From 09f76dfcfa3af3271d0fbc391c58640ee3551dd2 Mon Sep 17 00:00:00 2001
From: Mikko Juola <mikjuo@gmail.com>
Date: Wed, 15 Mar 2023 12:47:32 -0700
Subject: [PATCH] Update README.md opening with new benchmark numbers.

---
 README.md | 6 +++---
 1 file changed, 3 insertions(+), 3 deletions(-)

diff --git a/README.md b/README.md
index eea3f95..030f99e 100644
--- a/README.md
+++ b/README.md
@@ -4,7 +4,7 @@ This is my attempt at making the LLaMA language model working on a pure Rust
 CPU implementation. I was inspired by an amazing CPU implementation here:
 https://github.com/ggerganov/ggml that could run GPT-J 6B models.
 
-With my crappy OpenCL, this will do around ~270ms on my GTX 3090 per token.
+With my crappy OpenCL, this will do around ~240ms on my GTX 3090 per token.
 With pure CPU on Ryzen 3950X and OpenCL, I can get around 700ms per token. And
 without any OpenCL, pure Rust code only, with some of my handwritten AVX2
 intrinsics, about 1 second per token. All on LLaMA-7B.

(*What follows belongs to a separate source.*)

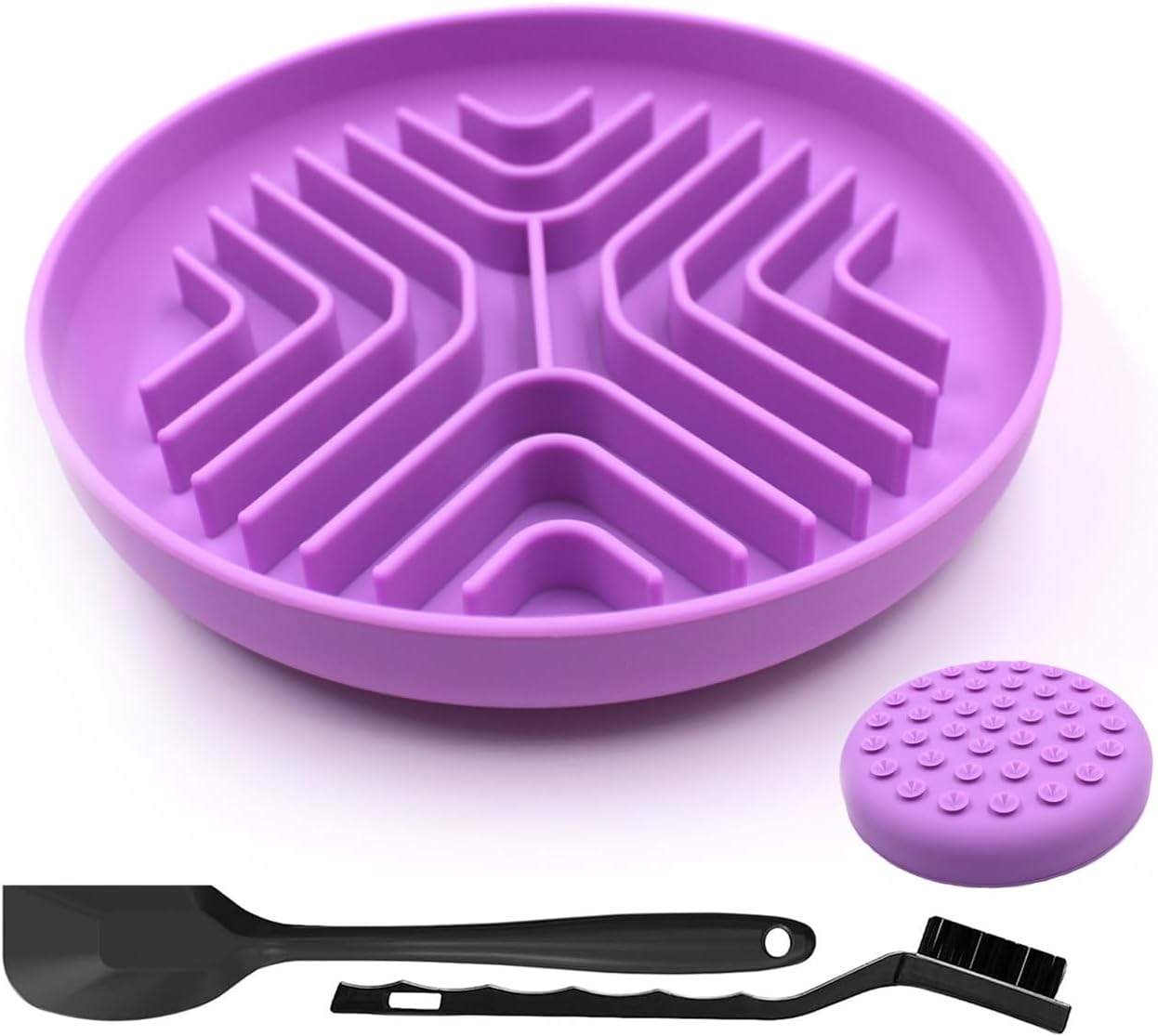 Slow Feeder Bowls for Dogs and Cats, 7.9inch Slow Down Bowl with Suction Cups, Puzzle Pet Bowls Non-Slip Design Dishwasher Microwave Safe (Purple)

@@ -14,8 +14,8 @@ intrinsics, about 1 second per token. All on LLaMA-7B.
 I've also managed to run LLaMA-13B which just barely fits in my 64-gig machine
 with 32-bit float weights everywhere.
 
-LLaMA-30B technically runs but my computer does not have enough memory to keep
-all the weights around so generating a token takes minutes.
+I've managed to run LLaMA-30B on a 128 gigabyte server and it gets around 4
+seconds per token using CPU OpenCL for Ryzen 5950X.
 
 I have not tried LLaMA-60B but presumably if all the smaller models work it
 would run given a sufficiently chonky computer.